Social work research professor Brené Brown is not your run-of-the-mill academic. Eschewing the ivory tower, Brown puts her research—enhanced by her personal story and the stories of others—out into the world for all to see (catch her TED talk on vulnerability—millions have!). She’s ready to rumble with the tough stuff of life, including failure, imperfection, vulnerability, shame and courage.
This outspoken, “lock-and-load” Texan and best-selling author categorizes her previous two books as a “call to arms,” exhorting readers in The Gifts of Imperfection to “be you” and, in Daring Greatly, to “be all in.” Her latest book, Rising Strong, completes this triumvirate with an inspiring message: “Fall. Get up.
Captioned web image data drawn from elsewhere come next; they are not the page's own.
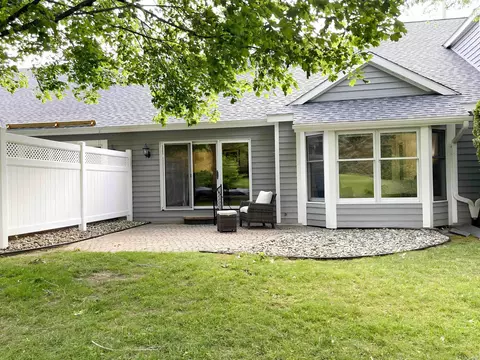 3 Slatestone, Saginaw, MI 48603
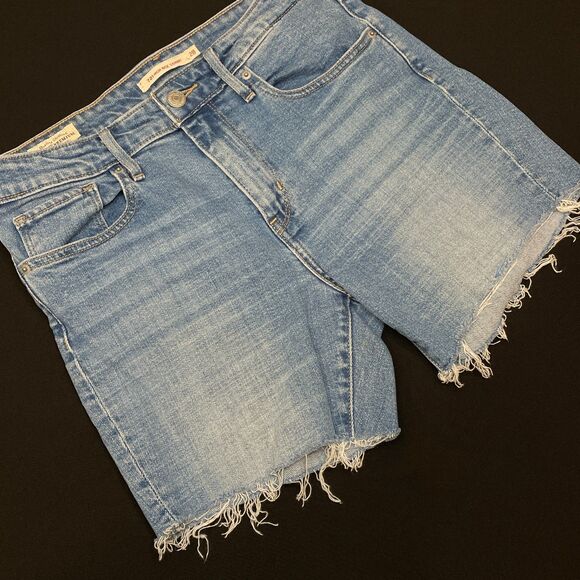 ~ Levi's Premium 721 High Rise Skinny sz 28 Cut-Off Jean Shorts Light/Med Wash - Picture 3 of 15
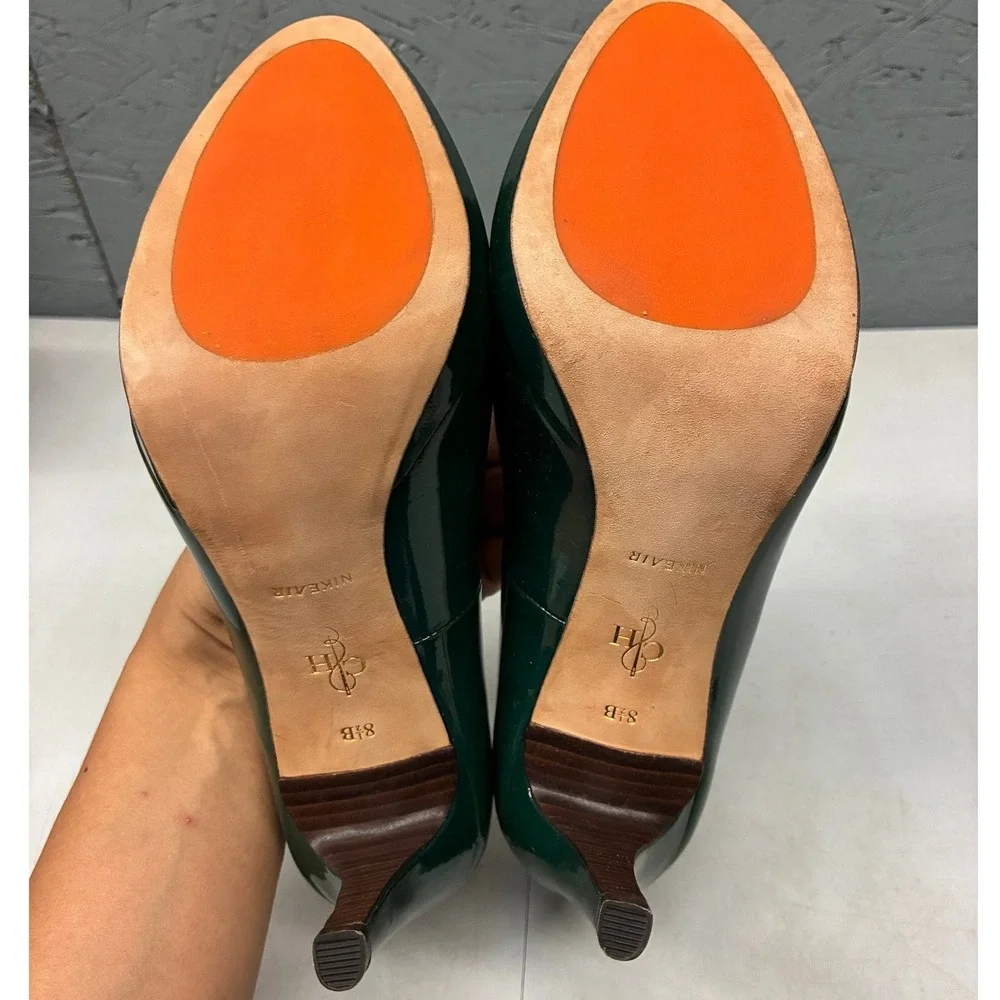 Cole Haan no visible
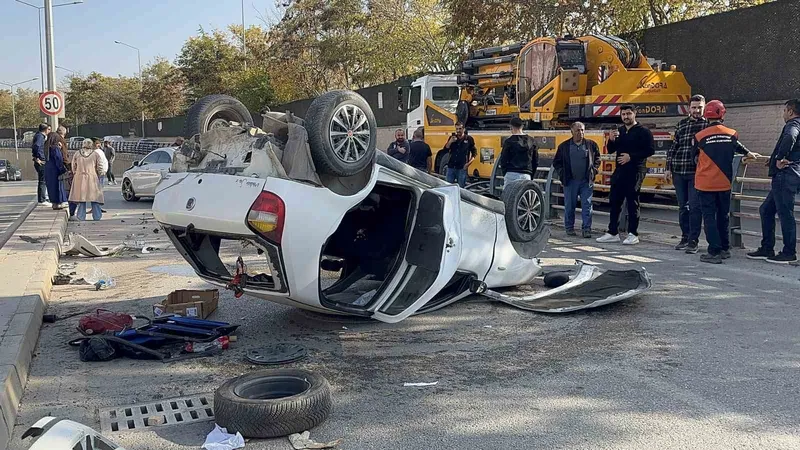 Otomobil karşı şeride geçerek ters döndü: 2 yaralı
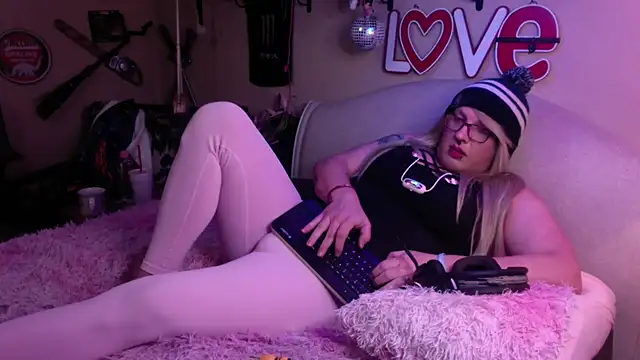 Snapshot of Blakelytgirl chatting on 01/21/25, 08:19 Blakelytgirl online show from 01/21/25, 08:19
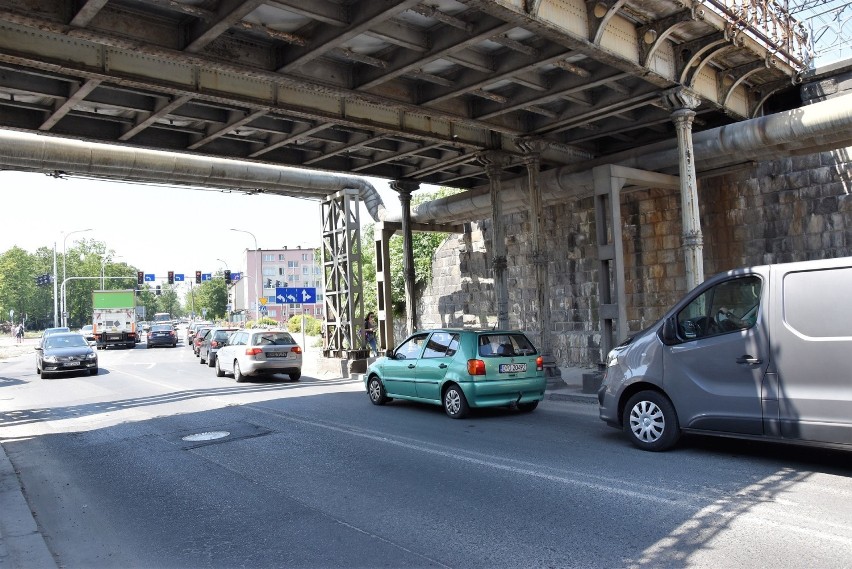 Nowe ograniczenia w ruchu na ul. Oleskiej w Opolu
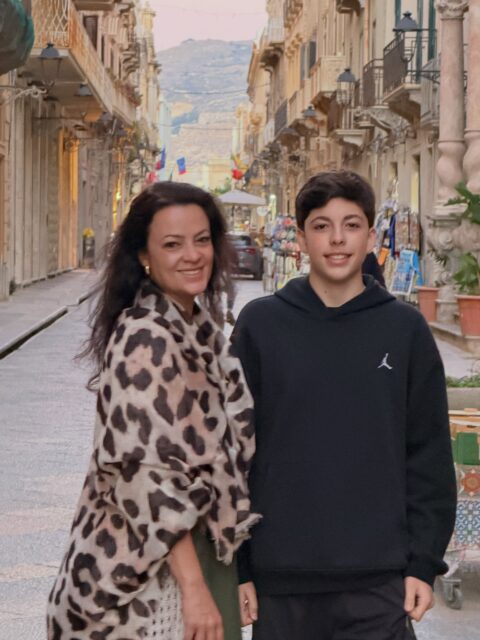 Trapani - Fechamos o dia no pôr do sol de Trapani, caminhando pelo centro histórico, através da Corso Vittorio Emanuele, a rua principal, com muitas lojas, bares e restaurantes. Fica a impressão de uma cidade com vida agitada e uma gastronomia que merece mais tempo.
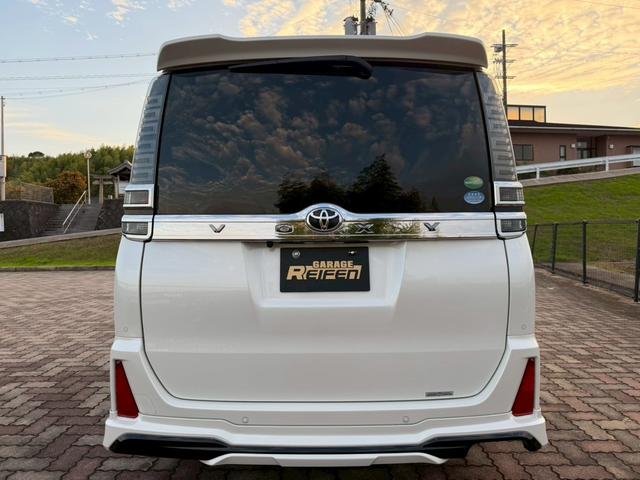 ヴォクシー ZS 煌II ZS 煌II モデリスタエアロ 純正10インチナビ Bluetoothオーディオ DVD再生 フルセグ バックカメラ クルーズコントロール 両側パワースライド LEDヘッドライト(7枚目)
Try again.”
Brown’s motivation for her research and writing is “to start a global conversation about vulnerability and shame.” This, she avows, is a step toward the authentic, wholehearted life we all yearn for.
There are three phases in Brown’s rising strong theory (“the reckoning, the rumble, the revolution”), which is predicated on the power of leaning in to our hurt, of not denying our stories. These tales are what we must “reckon” with, employing self-acceptance and curiosity to see essential truths about our lives. The second phase is to “rumble” with those truths, owning them and deciding how the story will play out. The third phase is nothing short of a “revolution” that signifies a life transformed and aligned with courage.
“Revolution,” says Brown, “might sound a little dramatic, but in this world, choosing authenticity and worthiness is an absolute act of resistance.” ¡Viva la revolución!